Disability Arts Culture
Sophia Bogle, Sydney Burke, Susan Hughes, 2021 Showcase
Disability Arts Culture: The purpose of the project was to archive websites on Disability Arts Culture using the online service, Archive-It. The group archived websites and created descriptive metadata to make content searchable in the Wayback Machine. We assigned scope rules to address rendering and preservation issues encountered in the websites. The and video presentation show our process in curating a digital collection. The process involved selecting a theme and a group of sites, learning to navigate and run crawls on Archive-It (a web archiving service), troubleshooting functionality, rendering and interoperability issues with a focus on extensions and file types, and then creating a production crawl to permanently archive our collection with both collection and item-level metadata. Deciding what will be culturally relevant in the future was challenging, but we decided to choose cultural elements that are under-represented. Archival justice demands that efforts like this be made. The Disability Arts Culture collection can be viewed at https://archive-it.org/collections/17564.
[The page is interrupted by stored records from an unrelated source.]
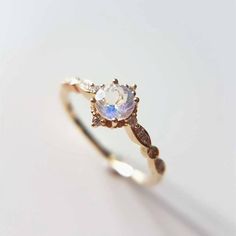 a gold ring with an opal stone and two diamonds on the side, sitting on a white surface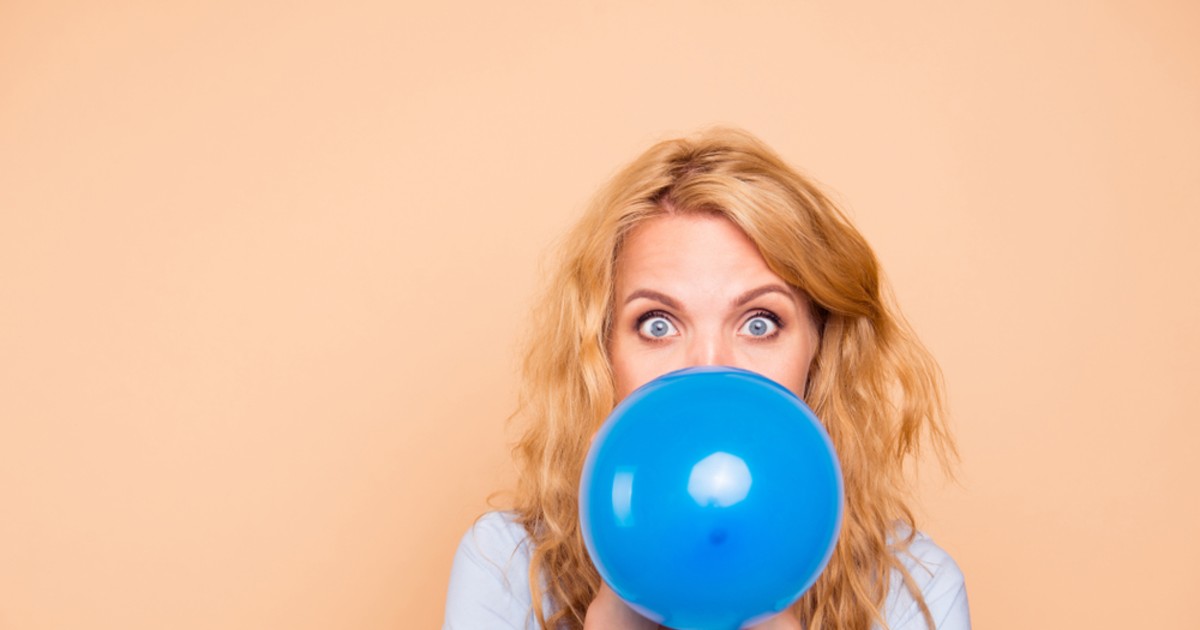 Girls Blowing Balloons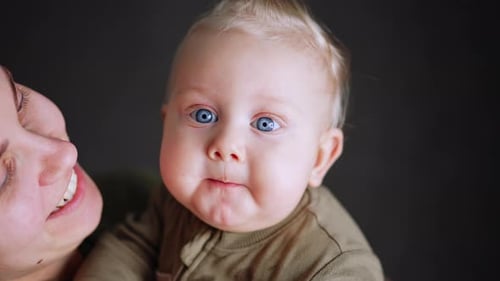 Sweet little Caucasian baby boy’s face with blue eyes. Woman is holding her beloved son. Close up.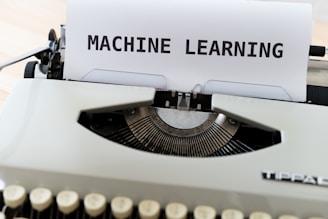 A vintage typewriter with a sheet of paper on which the words 'MACHINE LEARNING' are typed in bold. The typewriter appears to be an older model with black keys and a white body, placed on a wooden surface.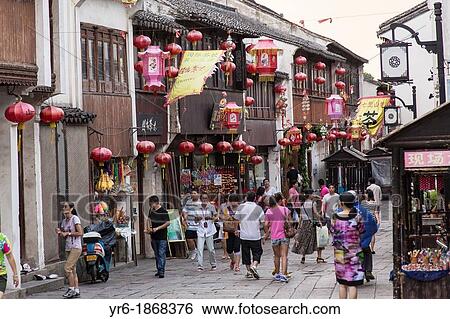Stock Photograph - Shops and tourists in the Shantang Road area in Suzhou, China. Fotosearch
After a long independent career restoring rare books, Sophia Bogle is pivoting her career to work with special collections with an understanding that digital assets play a large role in making collections more accessible.
Sydney Burke: “I graduated with a Bachelor of Arts in Studio Arts from San Francisco State University. After I graduated, I was a program coordinator for a research project that taught art inside state prisons. I developed art workshops for individuals experiencing incarceration and managed the headquarters office. One of my significant responsibilities was to care for and catalog artworks created inside prison. This was challenging because many of the artworks had obscure or nonexistent metadata, so I had to make sense of them and create some organization. I decided to organize the artworks by prison, what I now know of as arranging by provenance. This was the pivotal moment when I decided that I wanted to be an archivist. When I started this academic journey in Fall 2020, I only considered myself an office administrator and artist. After finishing this program in Fall 2021, I can proudly say that I am a competent information professional!”
Susan Hughes grew up in Annapolis, MD, attended Old Dominion University in Norfolk, VA, and then worked with SITI, a teaching and touring repertory theater company, in New York for a decade. She currently resides in Alameda and keeps busy with her two teenage daughters. Susan received her teaching credential from Cal Poly in San Luis Obispo and has been teaching high school English for the last few years. She will be completing her Digital Assets Certificate in the Spring 2022 semester and pursuing a career in data and metadata upon graduation in December 2022.